Collected data entries:
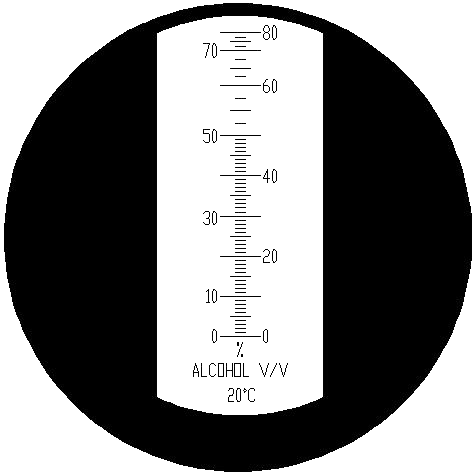Náhľad: Stupnica refraktometru RAL1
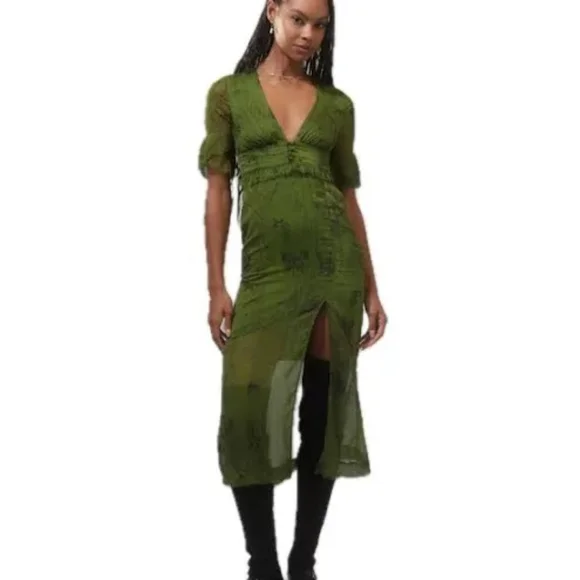 Urban Outfitters Florence Chiffon Mifi Dress - Picture 3 of 6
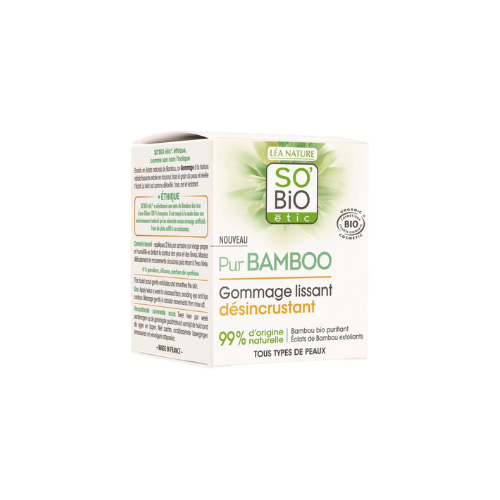 EXFOLIANTE FACIAL SUAVE BAMBOO  50 ml - SO BIO ETIC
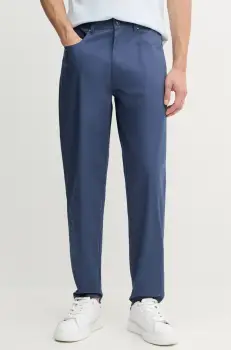 Barbour pantaloni Lightweight Stretch Regular Fit Chino barbati, culoarea albastru marin, drept, MTR0758 imagine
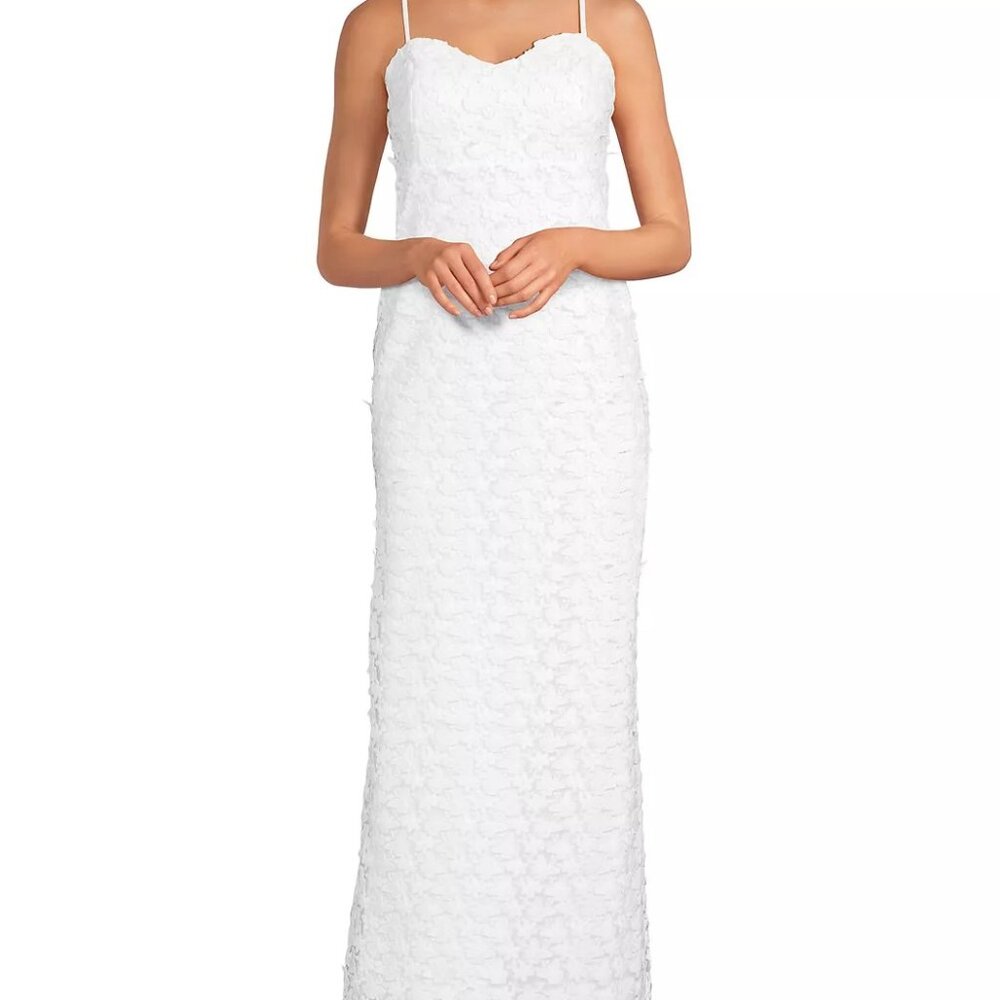 Lilly Pulitzer Gillian Butterfly Maxi White Sleeveless Sweetheart Gown NWT
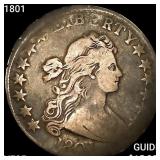 1801 Draped Bust Half Dollar LIGHTLY CIRCULATED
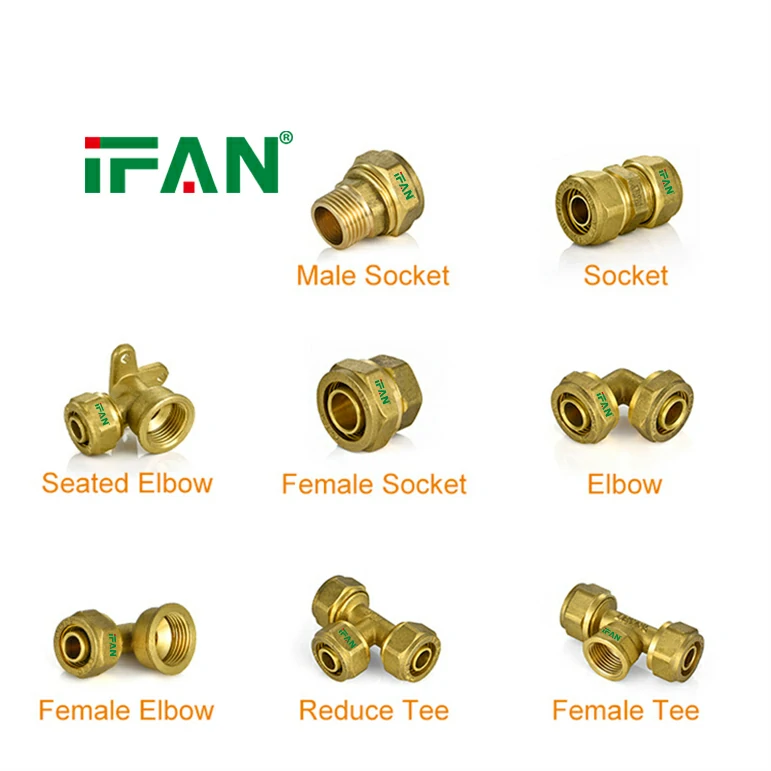 יישומים נפוצים של אביזרי דחיסה PEX במערכות אספקת מים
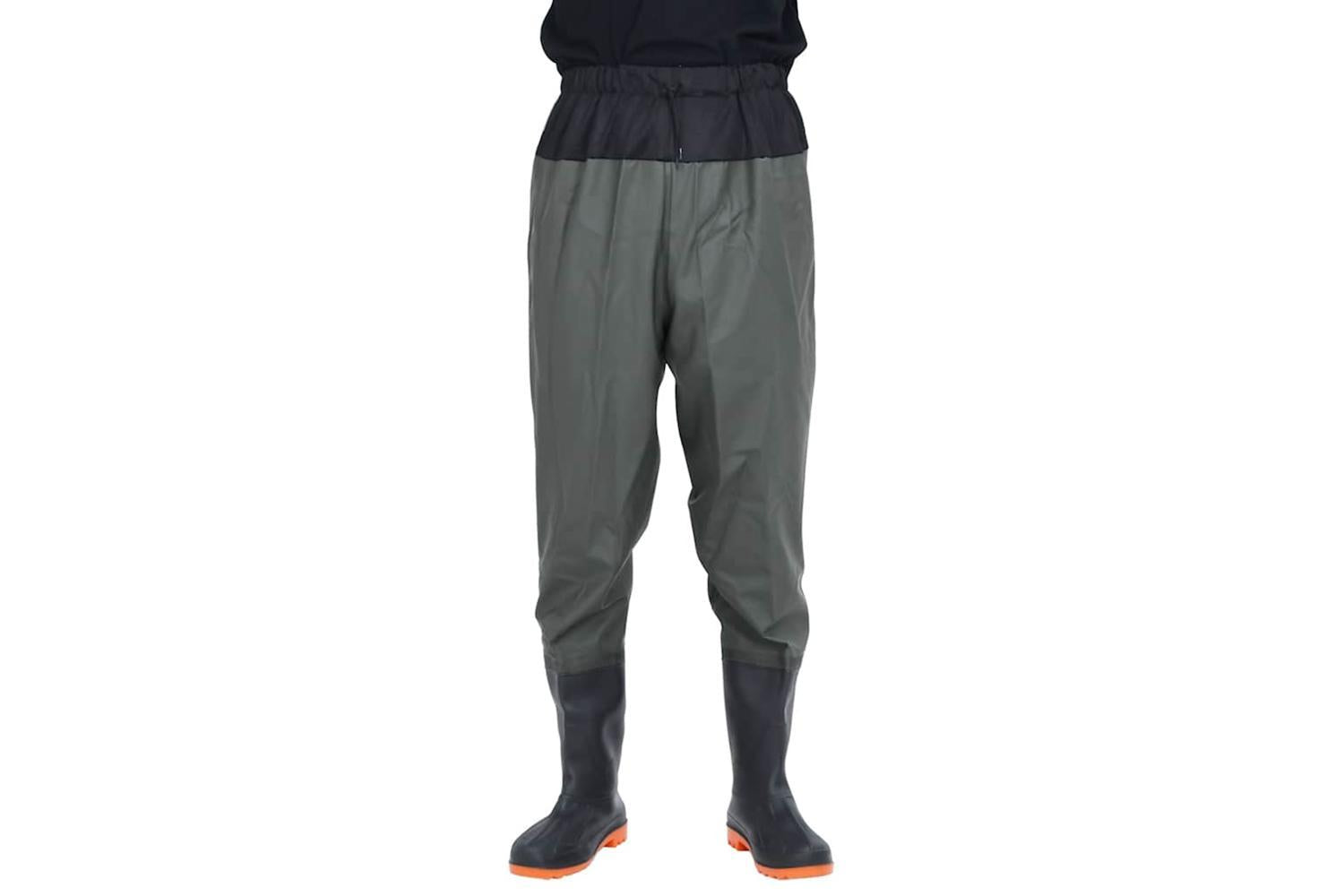 Vidaxl Waist Waders With Boots Dark Green Size 40-2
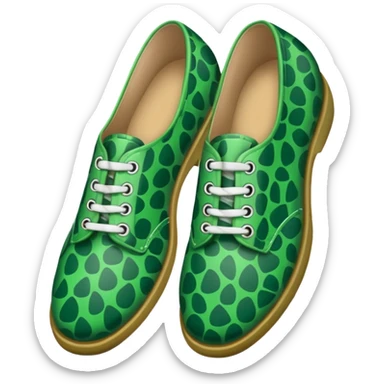 green patterned shoes  sticker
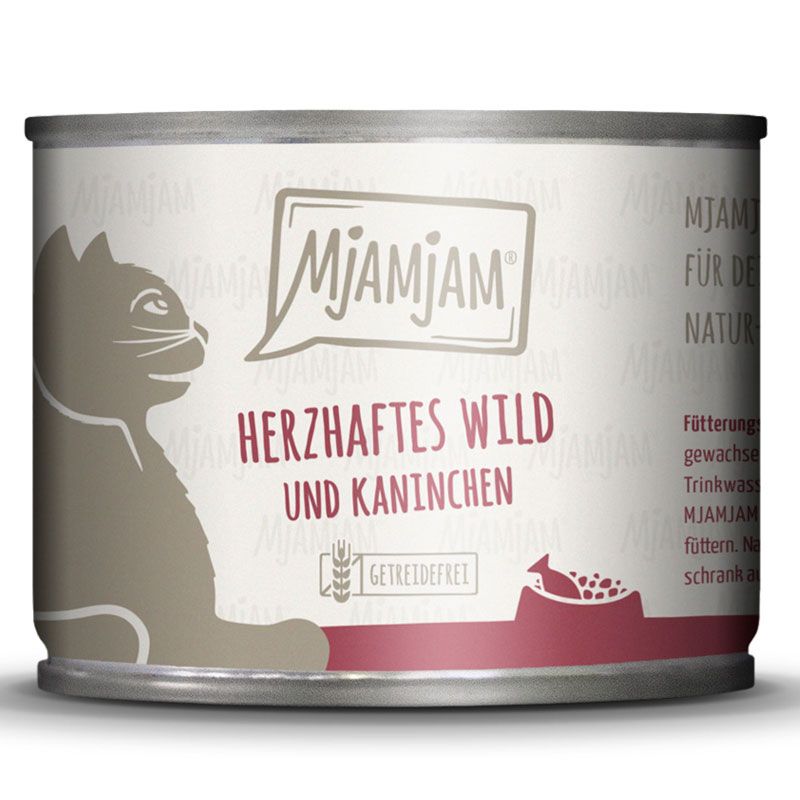MjAMjAM Dose Wild + Kaninchen + Heidelbeeren 200g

**Exercise prompt**
Nothing may be altered when you restate the records, but every picture must be dropped.

**Solution to this problem**
Náhľad: Stupnica refraktometru RAL1
 Urban Outfitters Florence Chiffon Mifi Dress - Picture 3 of 6
 EXFOLIANTE FACIAL SUAVE BAMBOO  50 ml - SO BIO ETIC
 Barbour pantaloni Lightweight Stretch Regular Fit Chino barbati, culoarea albastru marin, drept, MTR0758 imagine
 Lilly Pulitzer Gillian Butterfly Maxi White Sleeveless Sweetheart Gown NWT
 1801 Draped Bust Half Dollar LIGHTLY CIRCULATED
 יישומים נפוצים של אביזרי דחיסה PEX במערכות אספקת מים
 Vidaxl Waist Waders With Boots Dark Green Size 40-2
 green patterned shoes  sticker
MjAMjAM Dose Wild + Kaninchen + Heidelbeeren 200g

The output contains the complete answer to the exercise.